AUGUSTA, Maine, USA – In the U.S., sports and prisons are two industries that have no shortage of money. When these two ventures collide, we see a partnership emerging such that students at Florida Atlantic University can now remember their Saturday football games knowing that funding from a prison corporation made all their tailgating and hangovers possible.

The business of buying a company’s name on a stadium isn’t a novelty. Sports teams have sold stadium rights to the point where nearly every stadium is a billboard advertisement. In Philadelphia, the Lincoln Financial Field is home to the Eagles and the Wells Fargo Center seats 76ers fans. You couldn’t even watch January’s Bowl Championship Series (BCS) college football game between Notre Dame and Alabama without a pesky reminder that it was sponsored by Discover. That pesky reminder even butted itself in on commemorative T-shirts.

And now private prison companies are cashing into the sports industry.

According to a New York Times article: “GEO Group reported revenues in excess of $1.6 billion in 2011, income generated mostly from state and federal prisons and detention centers for illegal immigrants. The company owns or runs more than 100 properties that operate more than 73,000 beds in sites across the world. It holds nearly $3 billion in assets.”

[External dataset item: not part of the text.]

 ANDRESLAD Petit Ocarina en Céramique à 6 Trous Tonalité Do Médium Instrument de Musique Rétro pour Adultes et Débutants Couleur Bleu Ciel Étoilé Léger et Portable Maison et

I’m not sure which fact is more troubling: that a university has no qualms about going to bed with a private prison corporation or that a private prison corporation is openly flaunting its surplus wealth? Since when did prison corporations need a marketing strategy?

There seems to be something unethical, although not illegal, that private prison companies have millions to spare, let alone a need to advertise, on a sports stadium – much less a university stadium. Even Exxon Mobil has learned to whisper its quarterly earnings.

And does this mean that Florida Atlantic University supports and even endorses the private prison systems – marred by human rights abuse and wrongful deaths and opposed by civil liberty and human rights groups?

Something tells me FAU needs to strengthen its business ethics department.

But perhaps there is a lesson here to learn about how you too can put your name on a university stadium.

With job growth stagnant and government opportunities for work dwindling – the U.S. Postal Service cutting mail delivery on Saturdays would immediately slash 18% of the postal workforce – private corporations are the way to go. The prison industry in the U.S. is booming, holding 25% of the world’s prisoners, while the U.S. only holds 5% of the world’s population.

If you, while running your small or large business, employed workers on a pay scale that averaged $0.12-$0.40 cents an hour, maybe you would have enough money to donate $6 million to put your company’s name on a stadium.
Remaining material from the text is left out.